The WNBA San Antonio Stars (in gray) are moving to Las Vegas under new owners – S&P 500 company MGM Resorts International. (Photo by Christian Petersen/Getty Images)

Spectator sports has long been America’s favorite form of entertainment, and Las Vegas has long been one of America’s favorite vacation destinations. But for decades, the two existed in a relative vacuum – at least outside of the race and sports books, where billions have been legally bet on high profile sporting events. Team sports and Sin City were long anathema, but that has been changing fast, and MGM Resorts International has been the visionary responsible for a lot of the progress. For years they used championship boxing, and later Mixed Martial Arts (MMA), to fill seats and the demand for live sport, throwing in the odd special event – when I went to Vegas a few years ago to write a magazine feature on the Rugby Sevens World Cup tournament, MGM’s Monte Carlo was the host hotel (and did a stellar job). Rugby Sevens has since become an Olympic sport, and it remains one of the most fun and fast paced competitions you can attend, even if you have never seen rugby. The Las Vegas annual event is the sole U.S. stop on the World Cup circuit, and makes for a totally awesome weekend which I wrote about here at Forbes in the past.

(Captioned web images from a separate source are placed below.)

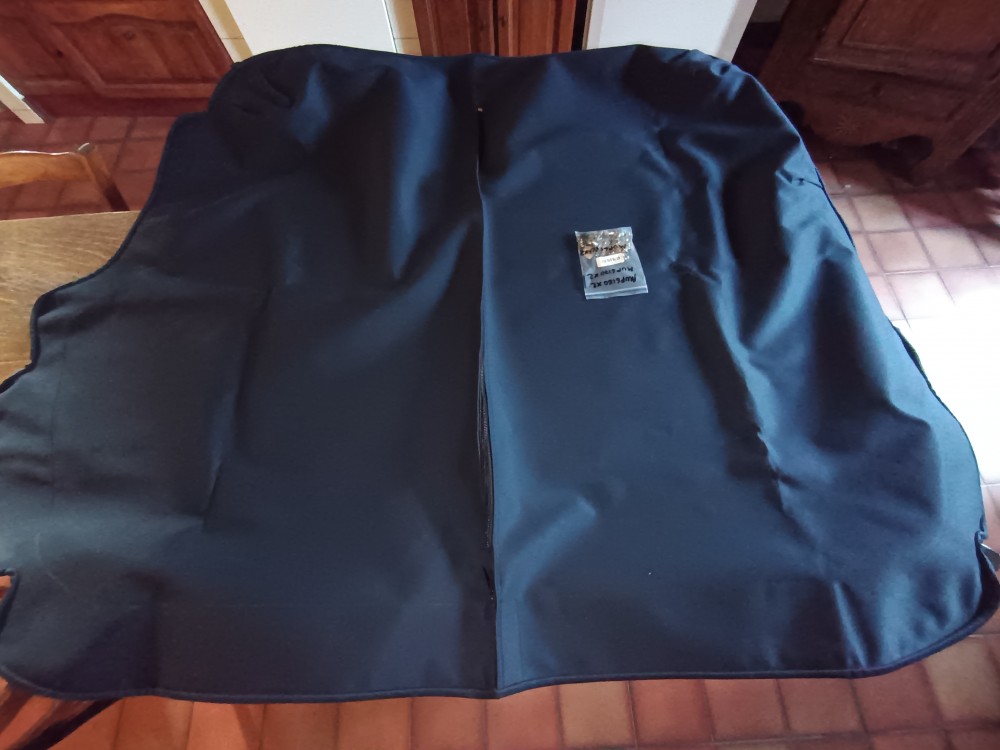 1 Couvre-tonneau.jpg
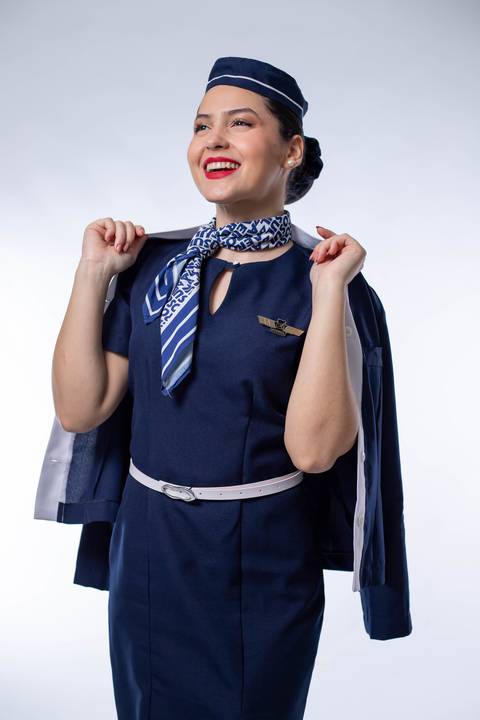 aeromoça-comissário-de-bordo-aviacao-voo-uniforme-aviao-estudio-de-fotos-porto-alegre-best-fotos-rodrigo-bestetti-comissaria-de-voo-vestido-saia-lenço-brevet-anac-mala-bagagem-viagem-batom-vermelho'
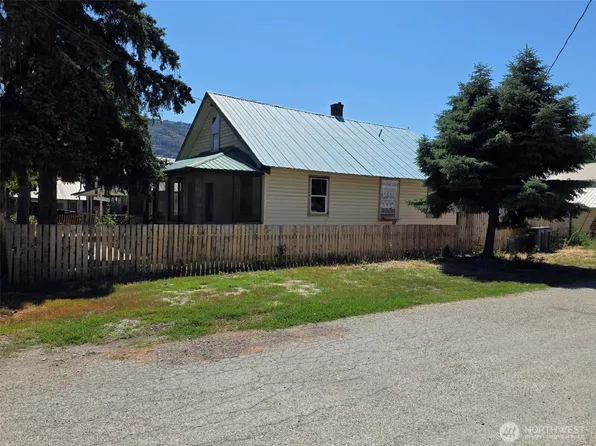 322 14th Avenue, Oroville, WA 98844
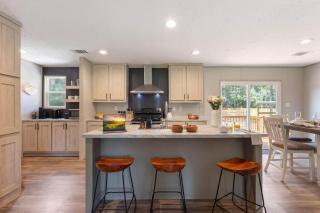The Riverhead - Springs , Pavilion , Grill - 9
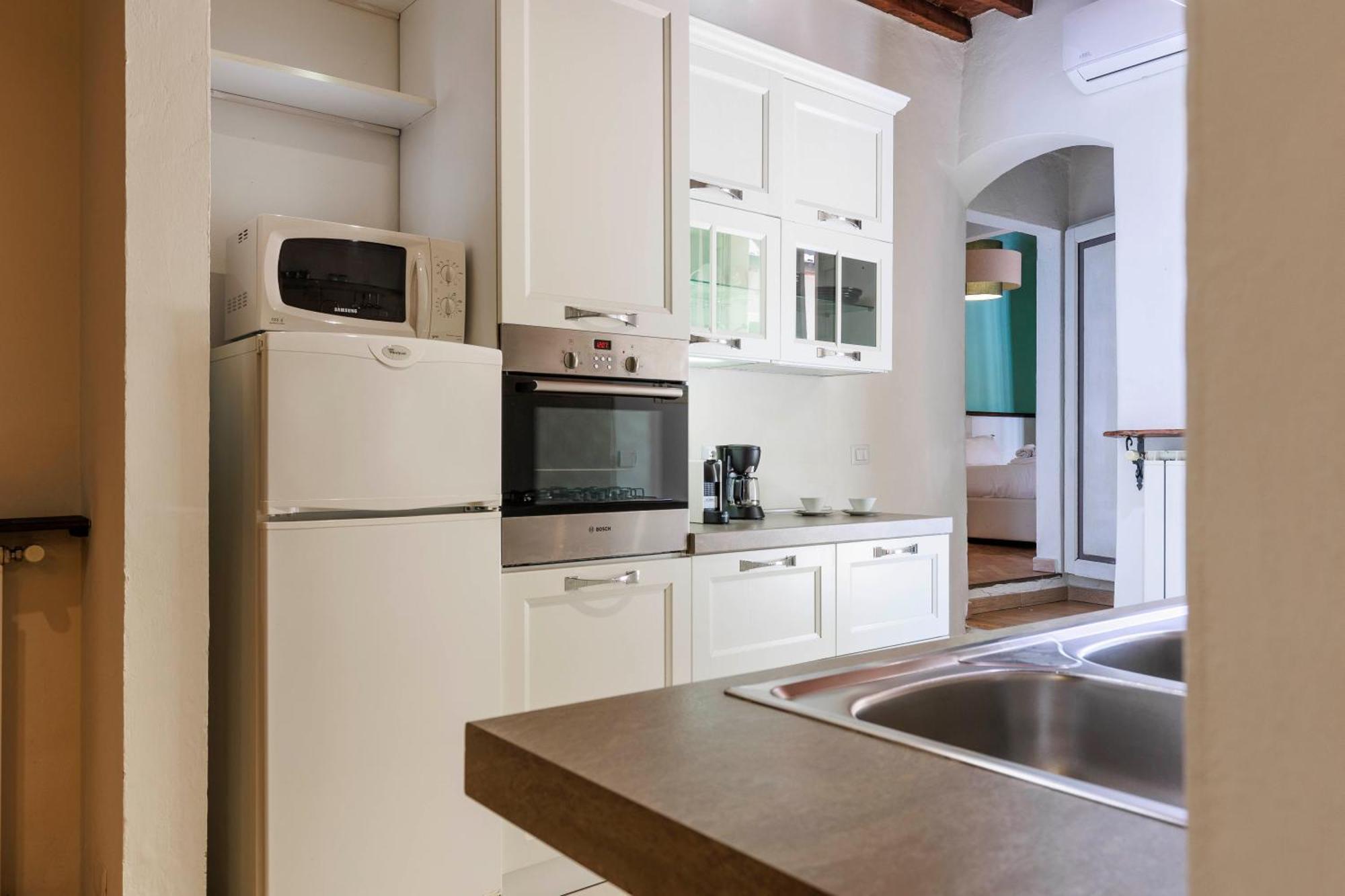 Santa Maria Novella Elegant Apartment Флоренция Екстериор снимка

But much more recently Vegas moved into the mainstream with the city’s first major professional sports team, the Golden Knights of the National Hockey League, who started their first season just two weeks ago and play in MGM’s new T Mobile Arena. The breaking of the no major team sport in Vegas barrier was huge, and pundits theorized that it would bring a sea change to one of the nation’s largest cities. That proved true just five games into the Knights’ first season when yesterday MGM announced that it had bought its own team, the former WNBA San Antonio Stars, and received league approval to relocate them to Nevada.

For better or worse, we are used to boisterous individual owners with sometimes oversized personalities owning our teams, but in this case it is a publicly traded (NYSE) S&P 500 global entertainment company that will own and operate the first major professional basketball team in this red hot market – which sees more than 43 million international visitors annually. MGM also announced that NBA All-Star and two-time WNBA Coach of the Year Bill Laimbeer – one of just 19 players in NBA history to eclipse 10,000 points and rebounds – will be President of Basketball Operations and Head Coach. The WNBA and NBA Board of Governors unanimously approved the relocation, and the team will begin playing in the Mandalay Bay Events Center next year for the 2018 season.

With twelve teams, the WNBA is the most successful women’s professional team sports league in the world. “We are thrilled to bring the first major professional basketball team to Las Vegas,” said WNBA President Lisa Borders. “This city and MGM Resorts are synonymous with world-class entertainment. With its culture of diversity and inclusion, MGM Resorts is an ideal fit for the WNBA.”